** What you will do **
For this exercise, repeat the whole listing below exactly. Leave the pictures out.
►
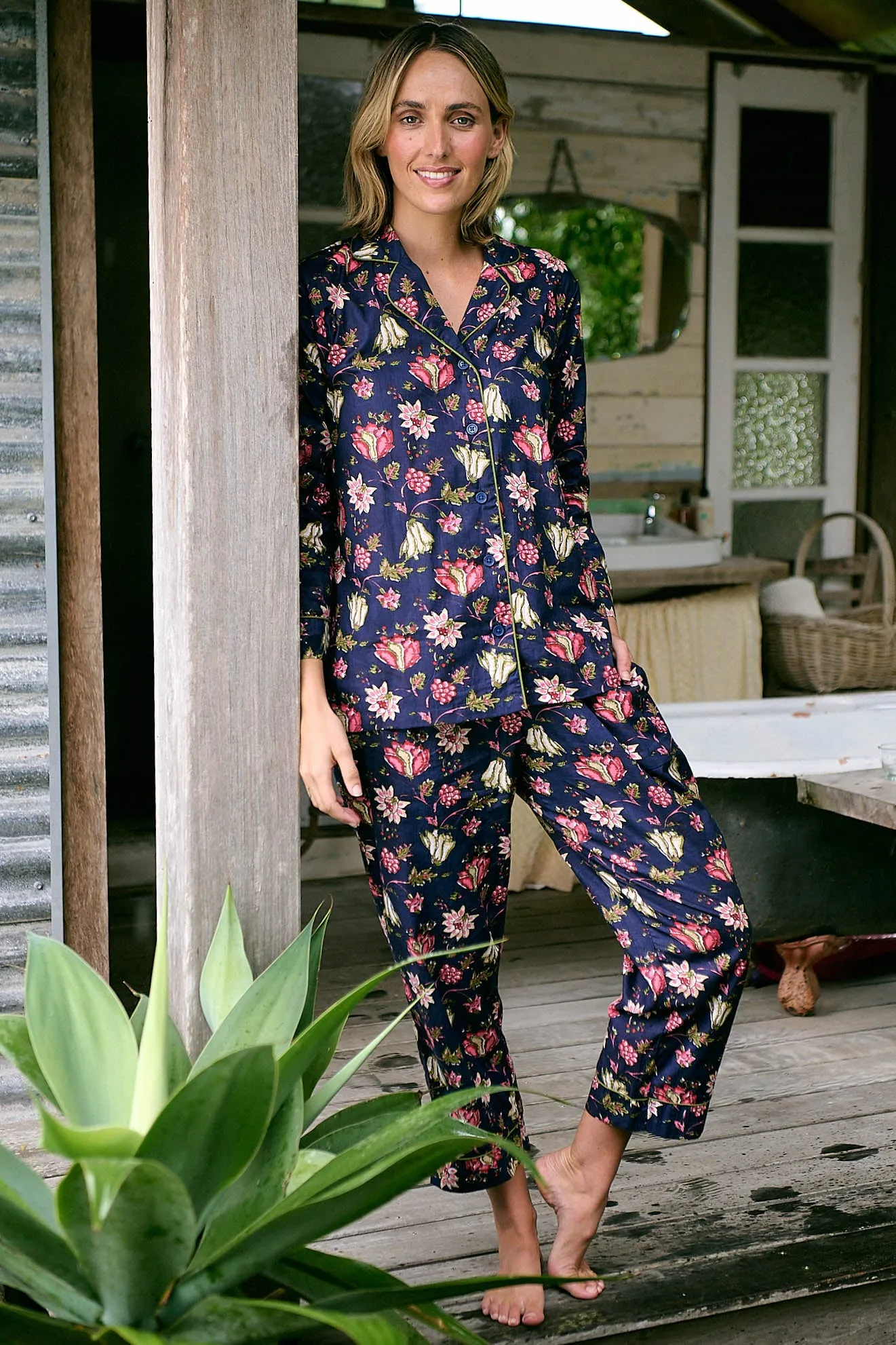 Riya Pyjamas Roses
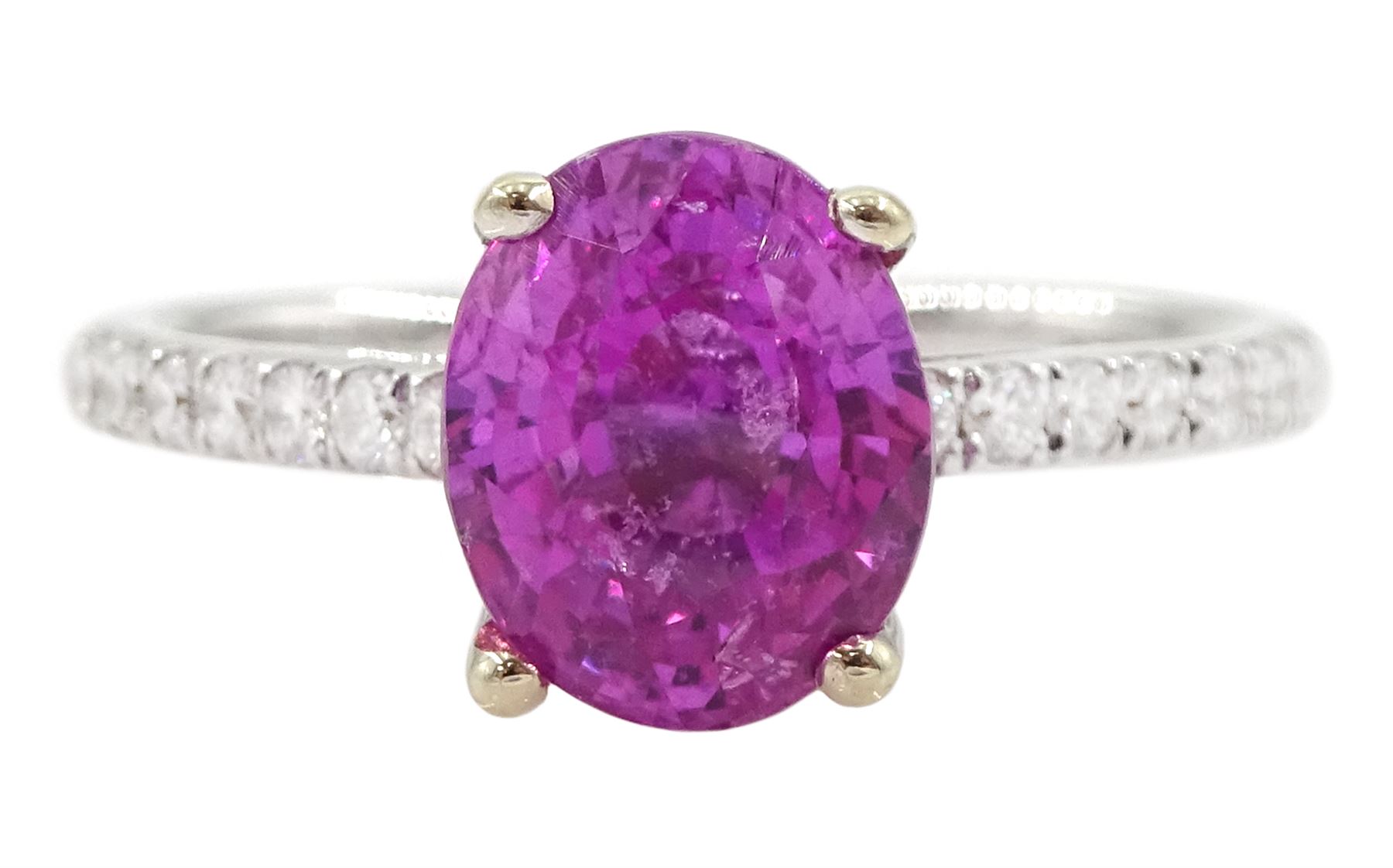 18ct white gold oval cut pink sapphire ring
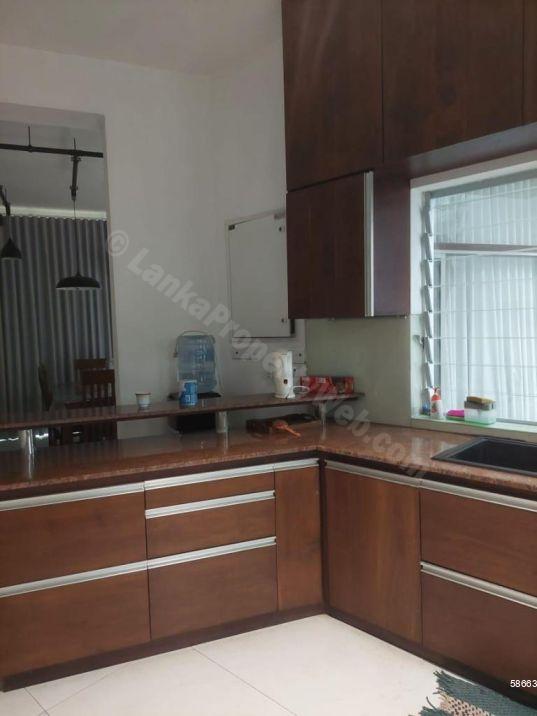 Kitchen - House for rent in Colombo 8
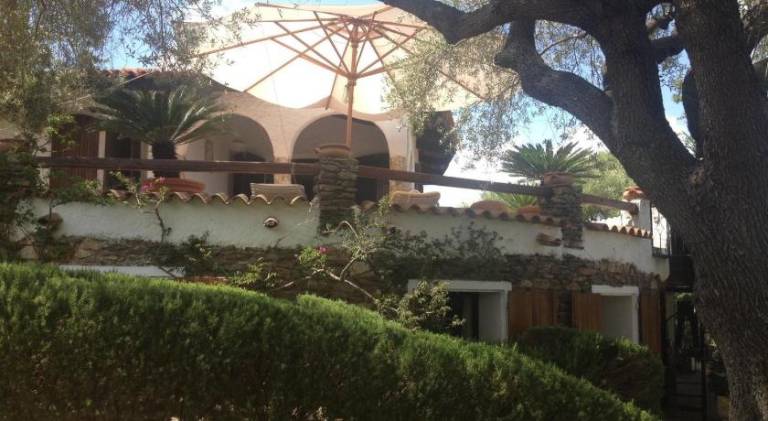 Villa with 5 rooms for 10 persons — photo 4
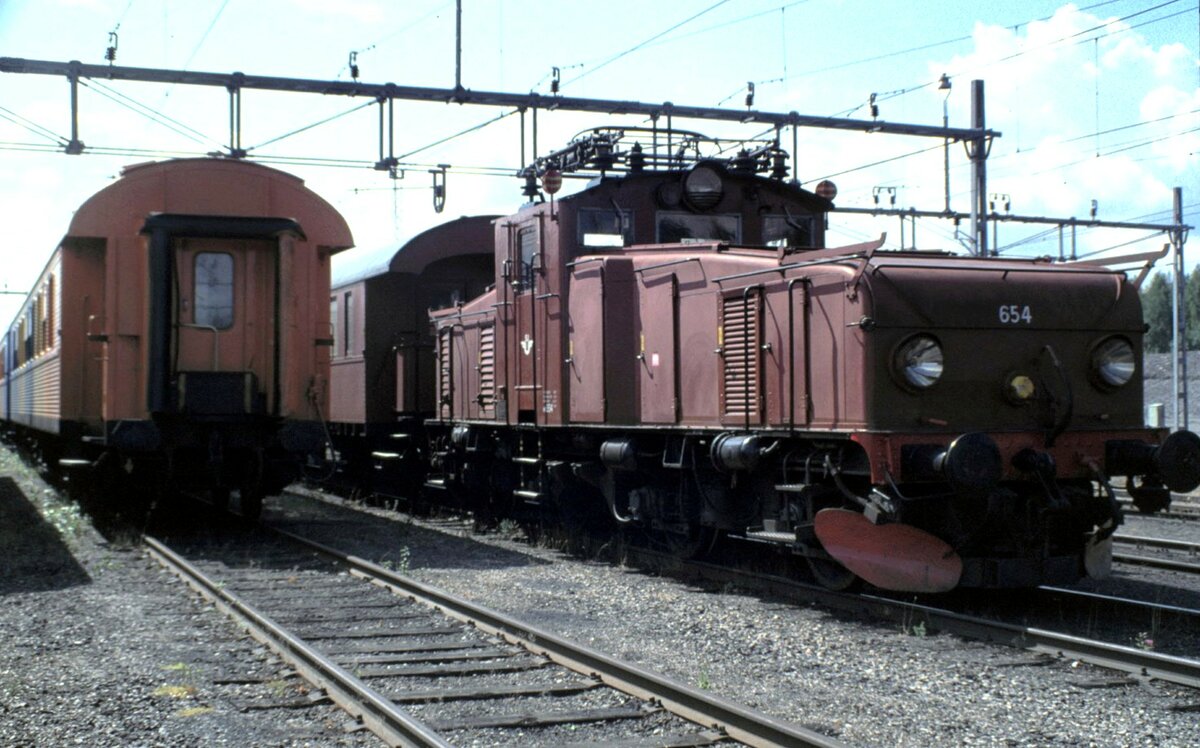 SJ Hg Nr.654 im TGOJ Eisenbahnmuseum in Grängesberg am 02.08.1994.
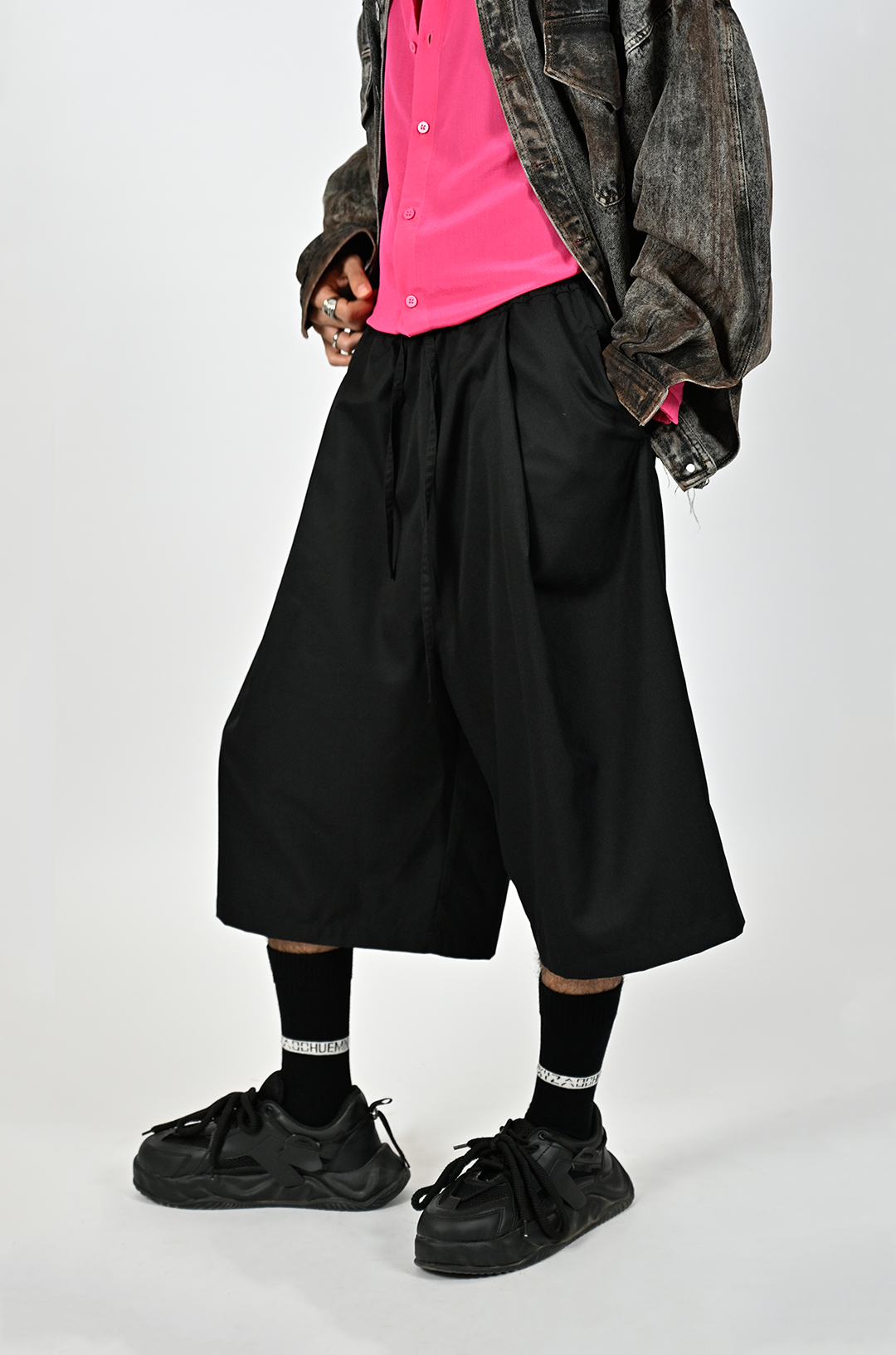 Pleated culottes (Black)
◄
** Written solution **
 Riya Pyjamas Roses
 18ct white gold oval cut pink sapphire ring
 Kitchen - House for rent in Colombo 8
 Villa with 5 rooms for 10 persons — photo 4
 SJ Hg Nr.654 im TGOJ Eisenbahnmuseum in Grängesberg am 02.08.1994.
 Pleated culottes (Black)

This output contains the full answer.